PROBLEM DESCRIPTION
The required output is the complete data, repeated without alteration.

(Short web captions)
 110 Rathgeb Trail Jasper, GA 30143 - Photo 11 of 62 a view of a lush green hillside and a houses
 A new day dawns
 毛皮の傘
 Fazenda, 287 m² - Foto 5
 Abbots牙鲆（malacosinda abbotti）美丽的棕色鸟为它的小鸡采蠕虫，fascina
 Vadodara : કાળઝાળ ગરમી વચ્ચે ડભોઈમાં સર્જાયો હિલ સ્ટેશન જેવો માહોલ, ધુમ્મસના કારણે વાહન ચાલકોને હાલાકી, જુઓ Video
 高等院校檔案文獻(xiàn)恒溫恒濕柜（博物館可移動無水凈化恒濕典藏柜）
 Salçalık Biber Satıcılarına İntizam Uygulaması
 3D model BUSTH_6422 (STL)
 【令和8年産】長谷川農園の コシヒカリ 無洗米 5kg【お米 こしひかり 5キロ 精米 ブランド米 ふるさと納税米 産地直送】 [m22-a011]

PROBLEM SOLUTION
 110 Rathgeb Trail Jasper, GA 30143 - Photo 11 of 62 a view of a lush green hillside and a houses
 A new day dawns
 毛皮の傘
 Fazenda, 287 m² - Foto 5
 Abbots牙鲆（malacosinda abbotti）美丽的棕色鸟为它的小鸡采蠕虫，fascina
 Vadodara : કાળઝાળ ગરમી વચ્ચે ડભોઈમાં સર્જાયો હિલ સ્ટેશન જેવો માહોલ, ધુમ્મસના કારણે વાહન ચાલકોને હાલાકી, જુઓ Video
 高等院校檔案文獻(xiàn)恒溫恒濕柜（博物館可移動無水凈化恒濕典藏柜）
 Salçalık Biber Satıcılarına İntizam Uygulaması
 3D model BUSTH_6422 (STL)
 【令和8年産】長谷川農園の コシヒカリ 無洗米 5kg【お米 こしひかり 5キロ 精米 ブランド米 ふるさと納税米 産地直送】 [m22-a011]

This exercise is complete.